Der Fortgang der Ereignisse in Libyen, Ägypten oder gerade auch in Syrien ist nicht abzusehen, die langfristigen Implikationen sind nicht auszumachen. Bereits jetzt lässt sich jedoch sagen, dass die Entwicklung nicht mehr rückgängig zu machen sein wird. Niemand weiß genau, wer die libyschen Rebellen und was ihre politischen Vorstellungen sind. Ob sie sich, wie Hanloser unterstellt, als neue UCK entpuppen könnten, vermag ich nicht einzuschätzen. Deutlich ist aber, dass eine Verbesserung der Verhältnisse nur ohne Gaddafi möglich ist. Sein Sturz ist die Prämisse dafür, dass sich die Gesellschaft anhand von sozialen Interessen zivil und demokratisch formieren kann. Zwar besteht die von Hanloser angeführte Gefahr, dass die Ansätze von Selbstorganisation in der libyschen Revolte durch die Militarisierung wieder zerstört werden. Allerdings scheint die Gefahr viel größer zu sein, dass die Truppen von Gaddafi nicht nur die Selbst­organisation zerstören, sondern die Rebellen selbst physisch vernichten. Diese ist trotz der Aufhebung der Belagerung von Misrata noch nicht gebannt.

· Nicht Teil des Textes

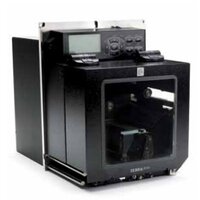 Zebra ZE500 - 300 x 300 DPI - 305 mm/sek - Kabelgebunden...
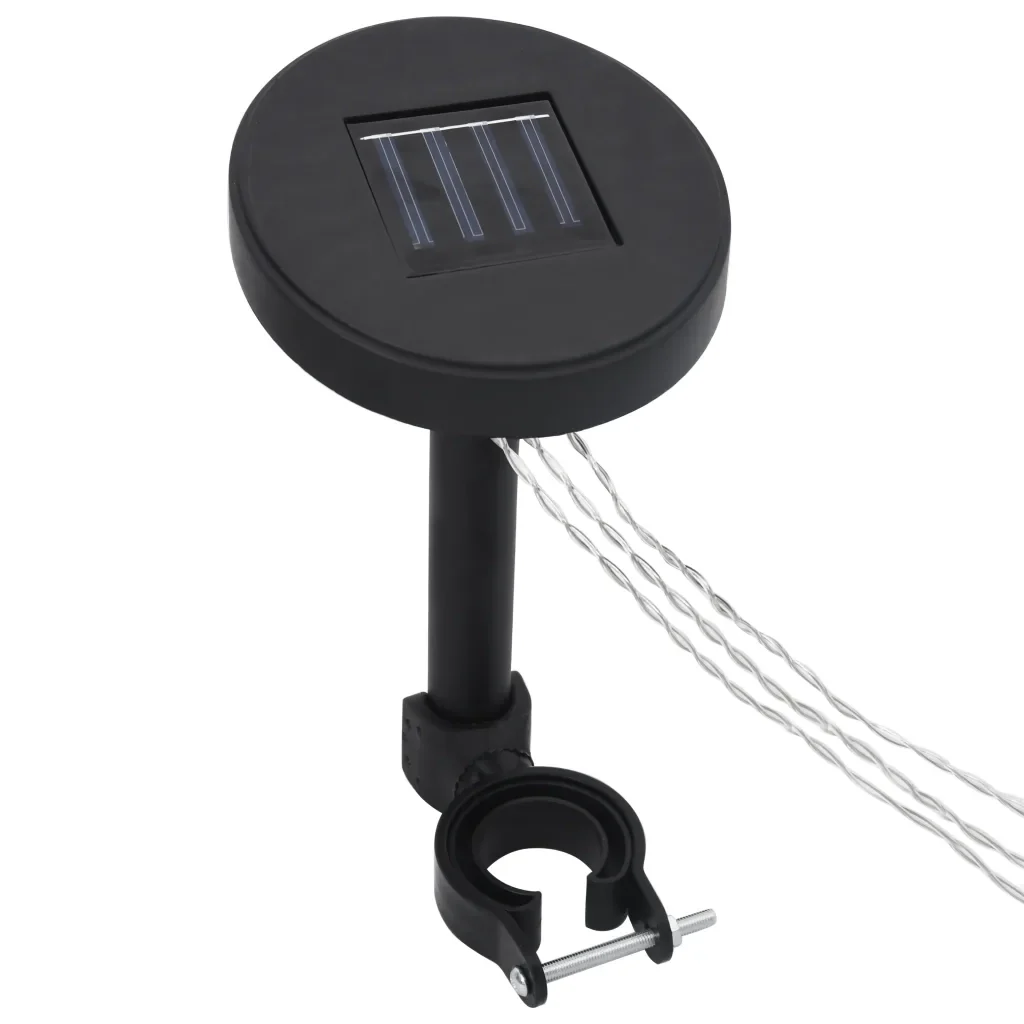 Miniatura 9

Wenn zur Verhinderung von Massakern durch Gaddafis Armee eine Intensivierung des militärischen Engagements erforderlich wäre oder gar der Einsatz von Bodentruppen, wäre ich nicht dagegen. Realistisch hätten wohl nur die USA die militärischen Kapazitäten dafür. Der Besuch des Senators John McCain in Bengasi mag eine wichtige symbolische Unterstützung für die Rebellen sein. Dass die USA aber zu mehr bereit sein werden, als zur Entsendung von Drohnen, kann aufgrund der Lage im Irak und in Afghanistan getrost bezweifelt werden. Dass die Bevölkerung in Misrata nicht auf Deutschland zählen kann, weiß sie. Bleiben noch Großbritannien und Frankreich. Zwar haben sie Militärberater nach Bengasi geschickt, den Einsatz von Bodentruppen bisher aber kategorisch ausgeschlossen. Angesichts der Entwicklung der vergangenen Tage frage ich mich allerdings vor allem eins: Was macht eigentlich die Nato?